(Beginning of SUPPLIED DATA)

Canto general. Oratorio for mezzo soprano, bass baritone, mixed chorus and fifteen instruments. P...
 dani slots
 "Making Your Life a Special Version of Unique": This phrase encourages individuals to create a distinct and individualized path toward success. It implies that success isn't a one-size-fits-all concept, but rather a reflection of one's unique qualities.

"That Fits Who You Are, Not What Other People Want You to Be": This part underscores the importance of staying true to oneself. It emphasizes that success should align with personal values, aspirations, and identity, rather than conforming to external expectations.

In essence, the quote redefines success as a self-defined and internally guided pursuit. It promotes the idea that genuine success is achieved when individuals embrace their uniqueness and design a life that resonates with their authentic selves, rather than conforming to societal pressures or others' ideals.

(End of SUPPLIED DATA)

WHAT YOU ARE ASKED TO DO: Copy each line of the entries exactly.

ANSWER SPACE:
Canto general. Oratorio for mezzo soprano, bass baritone, mixed chorus and fifteen instruments. P...
 dani slots
 "Making Your Life a Special Version of Unique": This phrase encourages individuals to create a distinct and individualized path toward success. It implies that success isn't a one-size-fits-all concept, but rather a reflection of one's unique qualities.

"That Fits Who You Are, Not What Other People Want You to Be": This part underscores the importance of staying true to oneself. It emphasizes that success should align with personal values, aspirations, and identity, rather than conforming to external expectations.

In essence, the quote redefines success as a self-defined and internally guided pursuit. It promotes the idea that genuine success is achieved when individuals embrace their uniqueness and design a life that resonates with their authentic selves, rather than conforming to societal pressures or others' ideals.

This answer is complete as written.